PROBLEM DESCRIPTION: Pictures should be omitted from your copy. Everything else in the entries below must be restated word for word.

▬▬▬▬▬▬

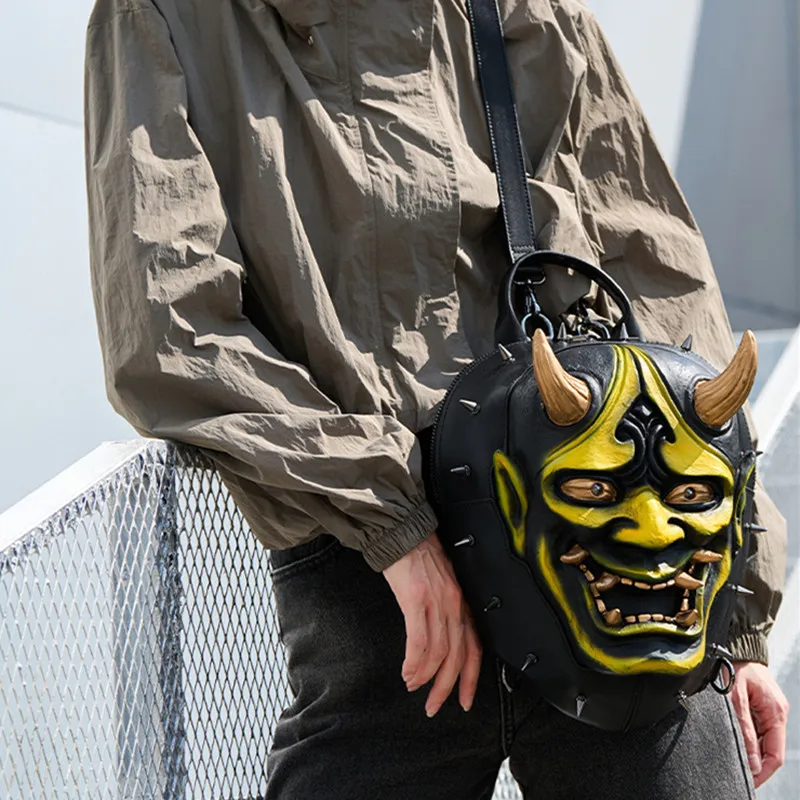 The New Personalized and Trendy Men's and Women's Backpack Features a Punk-Style Rivet Design in the Shape of a Prajna Mask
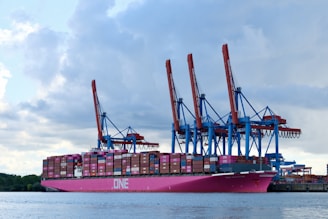 Large pink cargo ship with cranes at port.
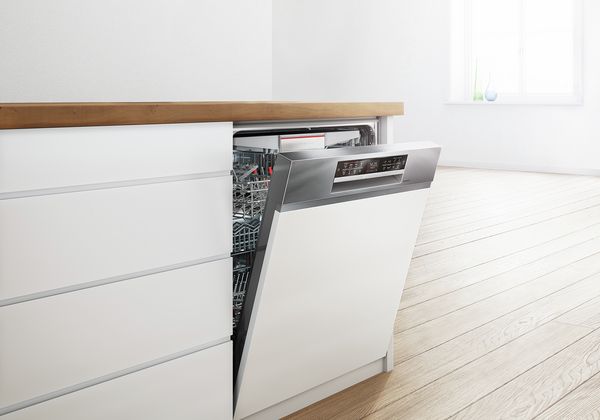 Bosch Integrated Dishwasher ajar in open plan kitchen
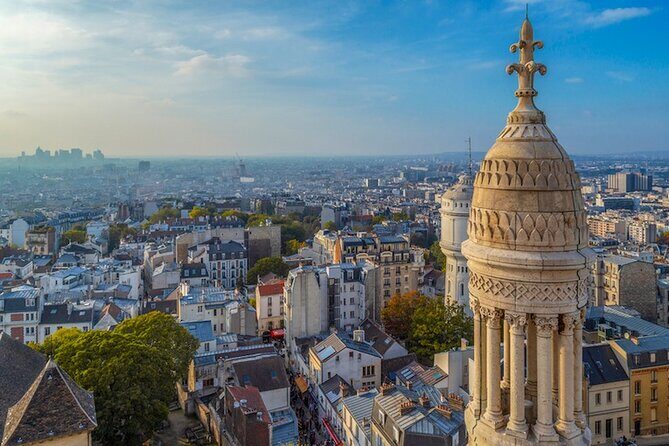 ESSENTIAL MONTMARTRE Walking Tour: the essential highlights+MORE! - Windmills at Le Moulin de la Galette: Art, Entertainment, and Everyday Life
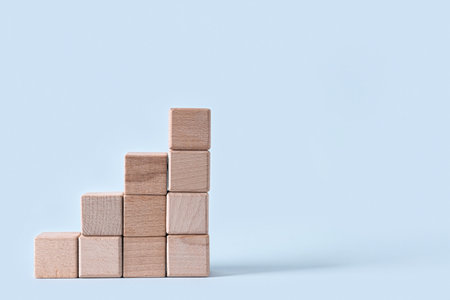 Ladder made of wooden blocks on light background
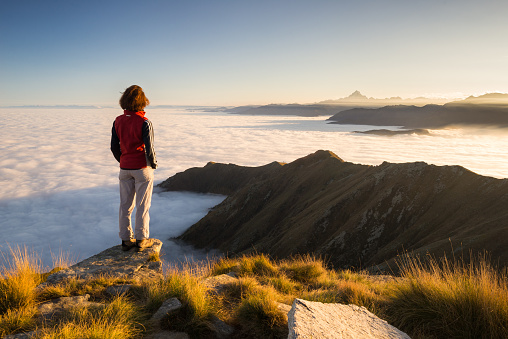 Female hiker reaching her goal at the mountain top and looking at majestic panoramic view of the italian western Alps with M. Viso peak in the background. Wide angle view at sunset.
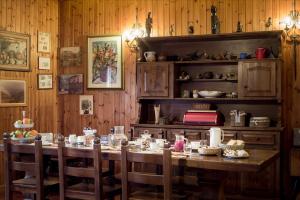 a dining room with a wooden table and chairs at B&B Gennarcu in Ussàssai
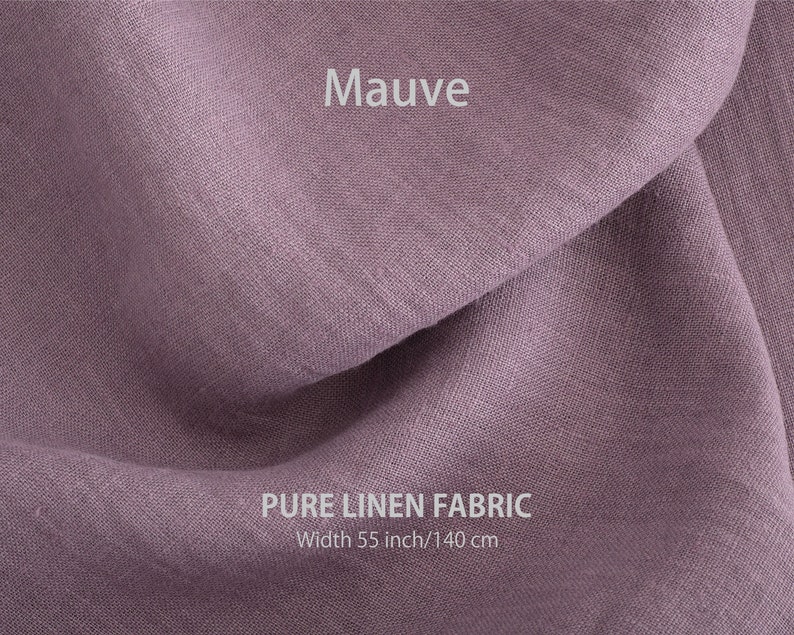 May include: Mauve coloured pure linen fabric. The fabric is folded and has a soft, textured appearance. The fabric is 55 inches wide or 140 cm.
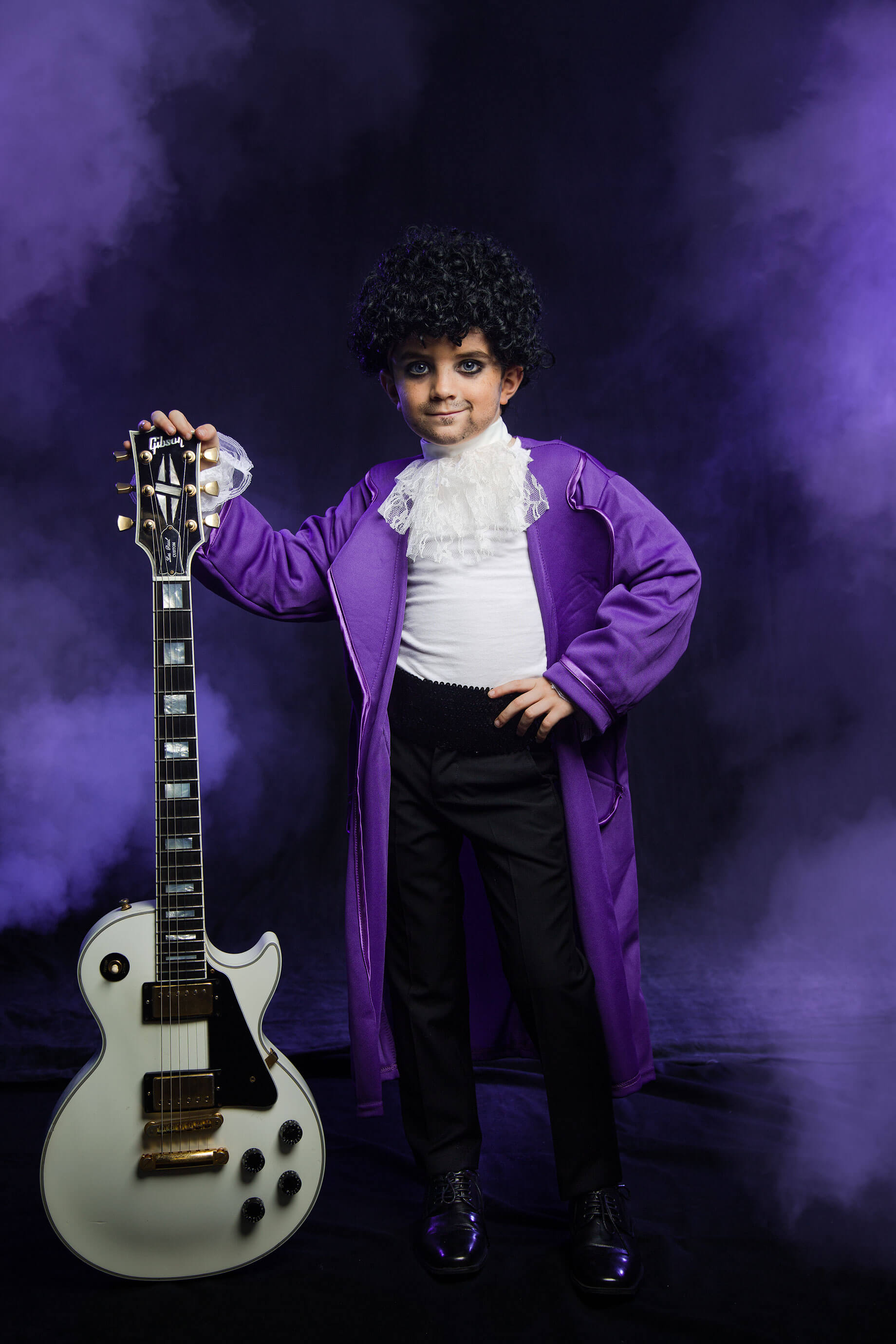 Prince in purple outfit online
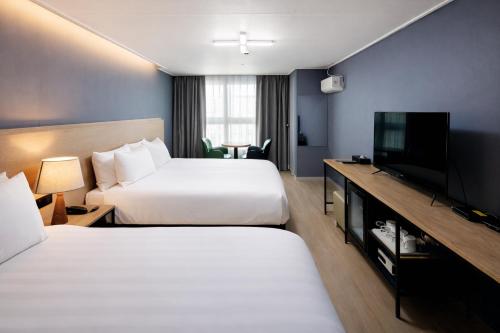 a hotel room with two beds and a flat screen tv at Hotel Bernoui Seoul in Seoul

▬▬▬▬▬▬

RESPONSE:
 The New Personalized and Trendy Men's and Women's Backpack Features a Punk-Style Rivet Design in the Shape of a Prajna Mask
 Large pink cargo ship with cranes at port.
 Bosch Integrated Dishwasher ajar in open plan kitchen
 ESSENTIAL MONTMARTRE Walking Tour: the essential highlights+MORE! - Windmills at Le Moulin de la Galette: Art, Entertainment, and Everyday Life
 Ladder made of wooden blocks on light background
 Female hiker reaching her goal at the mountain top and looking at majestic panoramic view of the italian western Alps with M. Viso peak in the background. Wide angle view at sunset.
 a dining room with a wooden table and chairs at B&B Gennarcu in Ussàssai
 May include: Mauve coloured pure linen fabric. The fabric is folded and has a soft, textured appearance. The fabric is 55 inches wide or 140 cm.
 Prince in purple outfit online
 a hotel room with two beds and a flat screen tv at Hotel Bernoui Seoul in Seoul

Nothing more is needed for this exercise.